◆ **What is needed**: Top to bottom, every record is to be copied word for word.
Segment Open
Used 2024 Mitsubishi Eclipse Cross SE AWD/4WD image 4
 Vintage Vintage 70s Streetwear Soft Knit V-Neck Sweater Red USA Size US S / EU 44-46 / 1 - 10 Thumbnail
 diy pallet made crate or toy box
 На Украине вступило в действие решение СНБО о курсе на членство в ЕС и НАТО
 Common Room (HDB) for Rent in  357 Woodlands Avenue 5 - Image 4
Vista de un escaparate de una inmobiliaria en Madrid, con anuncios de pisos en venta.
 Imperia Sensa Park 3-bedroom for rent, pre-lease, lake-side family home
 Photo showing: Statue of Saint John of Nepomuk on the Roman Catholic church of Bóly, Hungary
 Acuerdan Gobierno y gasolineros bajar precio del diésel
Segment Closed
◆ **Reply to the exercise**:
Used 2024 Mitsubishi Eclipse Cross SE AWD/4WD image 4
 Vintage Vintage 70s Streetwear Soft Knit V-Neck Sweater Red USA Size US S / EU 44-46 / 1 - 10 Thumbnail
 diy pallet made crate or toy box
 На Украине вступило в действие решение СНБО о курсе на членство в ЕС и НАТО
 Common Room (HDB) for Rent in  357 Woodlands Avenue 5 - Image 4
Vista de un escaparate de una inmobiliaria en Madrid, con anuncios de pisos en venta.
 Imperia Sensa Park 3-bedroom for rent, pre-lease, lake-side family home
 Photo showing: Statue of Saint John of Nepomuk on the Roman Catholic church of Bóly, Hungary
 Acuerdan Gobierno y gasolineros bajar precio del diésel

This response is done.